Regarding the cycle of the day (clock), the scrolling is quite fast, so you have to keep planning what you want to do next, the software is still providing the content. To be reassuring, there is no obligation of deadlines to keep, let’s say rather that you will not be able to achieve everything in a single day. For example, repairing a bridge takes an hour, making things depends on it (a return bell equals 20 minutes of time), distance also makes a clock, and it does not forget the agriculture. Moreover, the larger the plot of land, the more it needs to be cared for in order to get crops and produce, and therefore earn Grillas (game money).

This agriculture is quite simple and easy to assimilate, it can even be addictive if you love the genre. So, plots of land are plowed, seeds are sown there, then vegetables, fruits and grains are watered before waiting for them to grow over days. Obviously, the process is repeated until the harvest is done. From there, it is possible to keep the fruits of your labor for future meals, for example, or to earn a little income.

And this benefit is not something to neglect, because Grillas (also money that can be obtained by doing side quests) are just as important. We need it to strengthen armaments, to buy new types of seeds – vegetables that grow according to the seasons -, to expand the farm with enclosures for breeding, to access a kitchen to make small dishes or to grow a farm.
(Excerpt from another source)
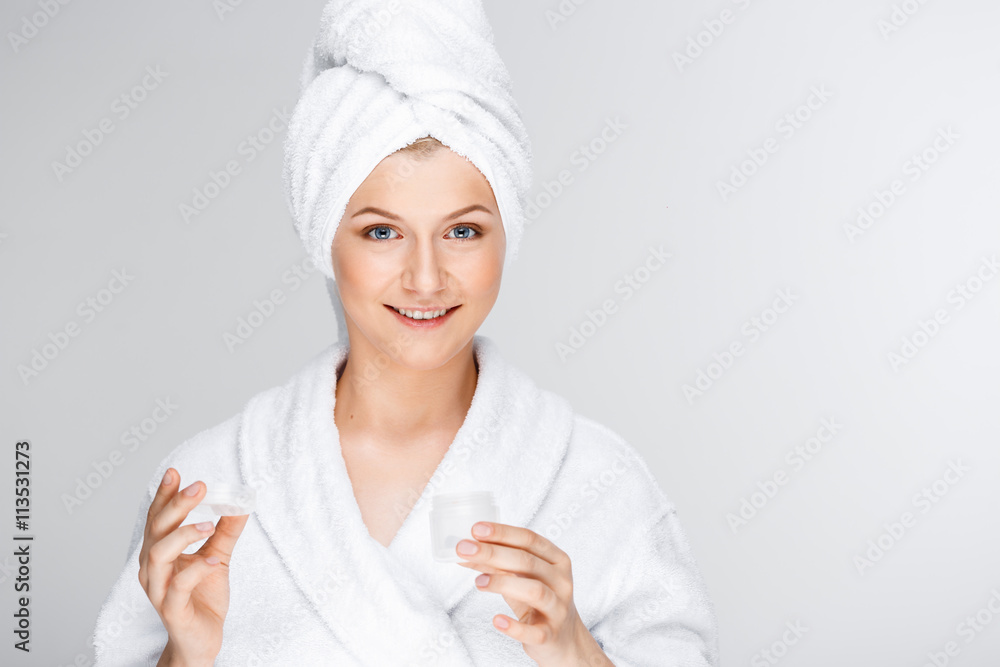Portrait of young pretty girl over white background. Portrait of young pretty girl over white background.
The latter is then cleaned with a hammer, yes, a hammer, breaking stones it does not work with a rake, then plow, water and so on.

As you can understand, Harvestella requires patience and perseverance, but it was very clear that we wanted the time/clock function to allow us to do more activities in a day. If you are impatient, you are more likely to “suffer” with this idea of ​​time and find progress taking too long, both in this daily life and during the exploration of dungeons / plains.
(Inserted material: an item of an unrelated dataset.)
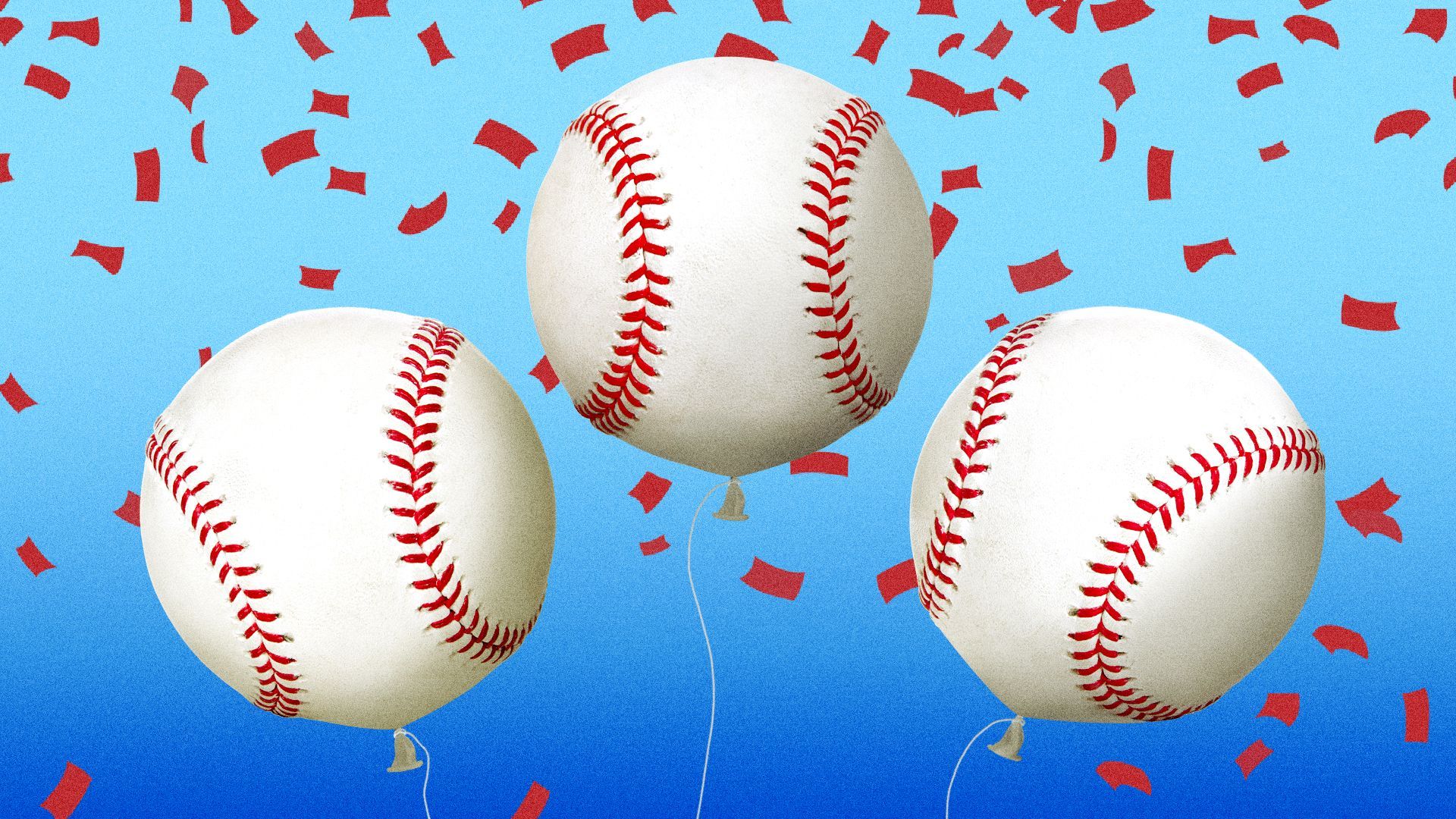 Illustration of confetti falling behind balloons made of baseballs.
Dynamic matches but with a missing touch

With all the details already indicated (time of repairing the bridge, discovering chests, building annexes, etc.), Harvestella also has battle stages. Unfortunately, despite all the tricks like skills, multiple strikes or changing classes on the fly (swordsman, magician, etc.) that require a Cooldown, the fights, although dynamic, are lacking a little vitality. In fact, not much is missing to bring the necessary touch: the possibility of a dodge or a parry.
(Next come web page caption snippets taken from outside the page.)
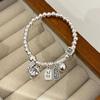 Plato Redondo Gato de la Suerte Retro Pulsera de Buena Suerte para Mujer Pulsera de Cuentas Redondas Lujo Accesible Alta Gama Pulsera de Estilo Chino Nuevo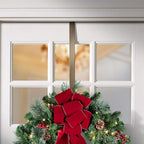 Haute Decor Adapt Adjustable Wreath Hanger, Top & Length Adjustable - Antique Brass - Over The Door Wreath Holder That Fits Almost Any Door Size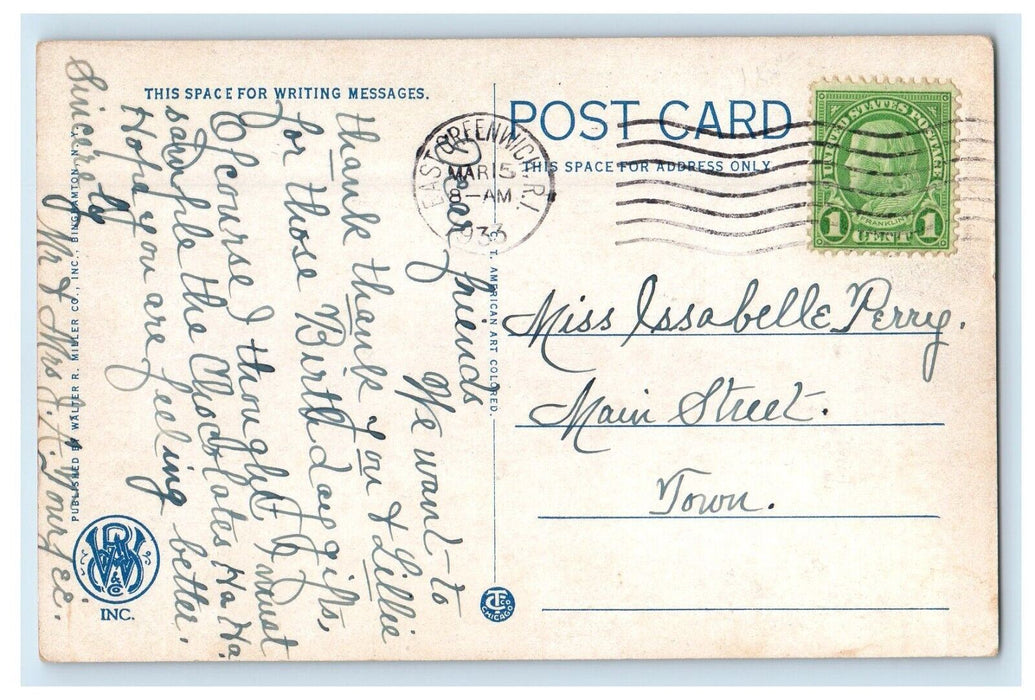 1933 Lackawanna Railroad Station Depot Binghamton New York NY Posted Postcard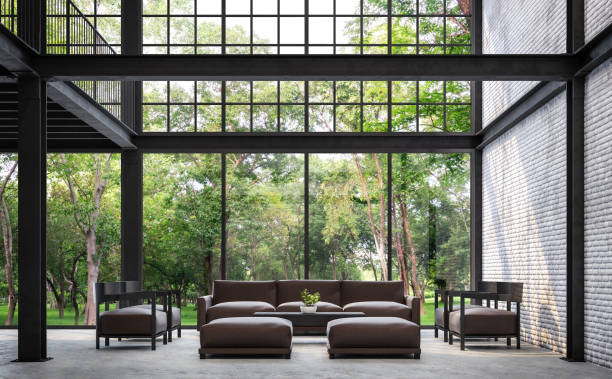 Loft style living room with nature view 3d rendering image Loft style living room with nature view 3d rendering image.There are white brick wall,polished concrete floor and black steel structure.Furnished with dark brown leather sofa. home industry stock pictures, royalty-free photos & images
It’s a shame, because we still appreciate having to change classes according to the elemental affinity of our opponents, some are more sensitive to magic and not to blade strikes, and vice versa, to use interrupt gauges during boss stages, thus allowing to generate more damage and even to rely on some support characters. But the lack of avoidance really takes off, and ruins the full potential of these matches.

Good DA and sound

Now let’s move on to the graphic and technical set of the title. If the artwork from Isamu Kamikokuryo (Final Fantasy XII) is very nice and we take advantage of different environments or beautiful panoramas/colors, we are sorry to have clipping and framerate drop. On the other hand, the wonderful sound of Go Shijina, which already works in the Tales of or God Eater saga, is really in line with the places visited and moments experienced. Finally, note that the subtitles are in French.

Tested on Switch

More accessible than its congeners of the same genre, Harvestella benefits from relatively interesting content. Fans of RPG and Simulation in Rune Factory can only follow it, especially since these gameplay mechanics are easily accessible, the story follows pleasantly, and that as a whole can quickly become addictive. . Unfortunately, however, on the side of battles, even if we see that the bases are there with good ideas, it lacks a little something to get us the perfect cocktail.